“How much can you drink while pregnant?” – Possibly the most common question from first-time moms.
We all enjoy a good drink now and then to unwind and relax, and who needs extra relaxation more than a mom-to-be (Or a mom-right-now for that matter)? Unfortunately it has been common knowledge for several decades now that drinking alcohol while pregnant can be very dangerous for your baby.
But when it comes to drinking while pregnant, just how much is too much? Depending on who you ask, you may get a vast number of responses to this question.
“A small glass of wine is fine.”
“Just a sip won’t hurt you.”
“My mom drank while she was pregnant with me and I’m a rocket scientist.”
It’s important to remember that all of these could be true. As with most things in nature, nothing is 100%. There are certainly outliers for every affect.
But what does the science say? Just how much is that glass of Merlot going to affect your child?
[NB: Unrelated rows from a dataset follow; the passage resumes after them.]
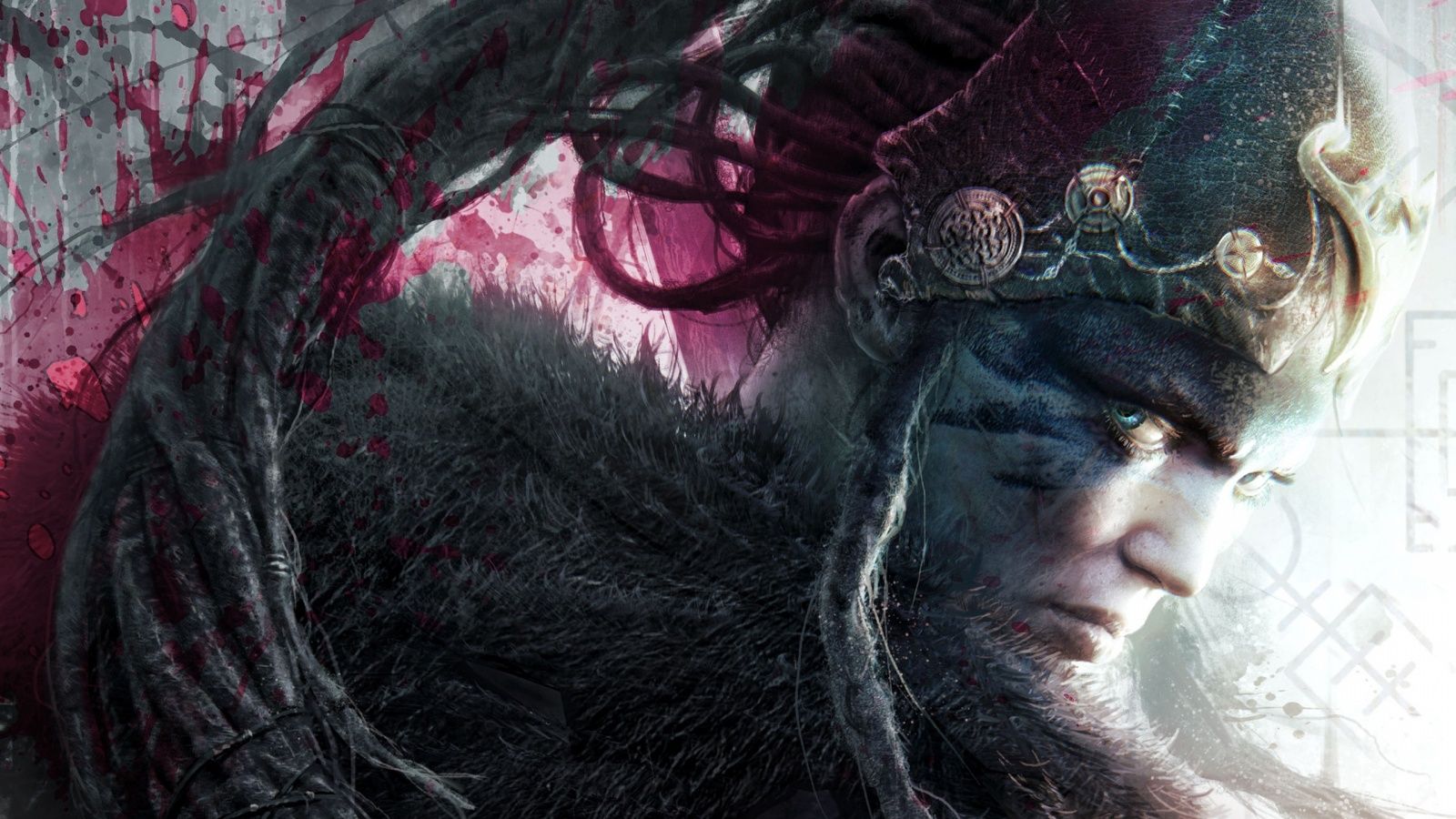 Senua Hellblade guerriera corona, 1600x900 HD, PC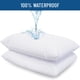 thumbnail image 2 of Protector de almohada impermeable Everlasting Comfort Standard (paquete de 2), 2 of 7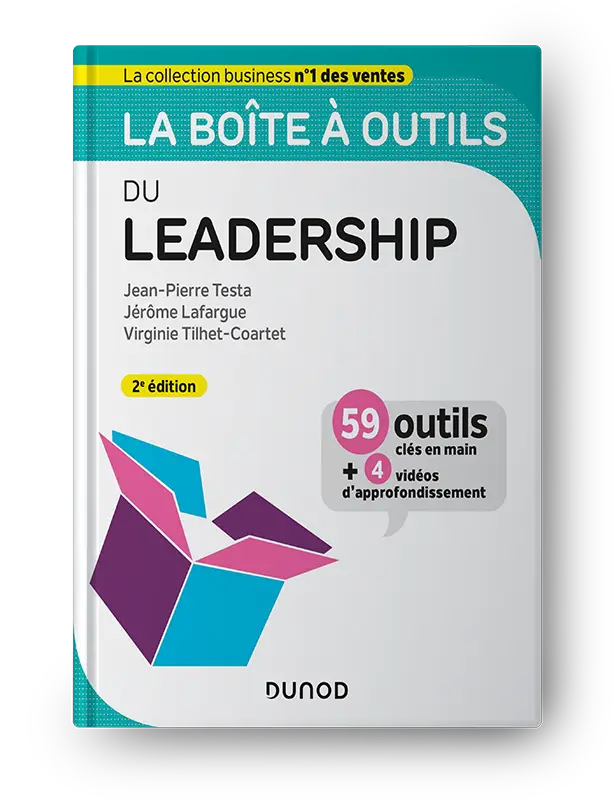 La boîte à outils du Leadership PDF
We’ll answer these questions and more below.
What We Know For Sure.
There is no controversy over the dangers of heavy drinking while pregnant.
Study after study has shown heavy alcohol use– which, depending on the study can range between 30-50+ grams of alcohol daily (Think: 4-6 beers, 3+ glasses of wine etc)– is strongly associated with:
- Decreased birth weight.
- Early delivery.
- Spontaneous abortion.
- Decreased cognitive function in child.
- Increased anti-social behavior in child.
- Increased chances for serious pregnancy complications.
And a multitude of other issues. For more information on the affects of Fetal Alcohol Syndrome visit the National Organization on Fetal Alcohol Syndrome website.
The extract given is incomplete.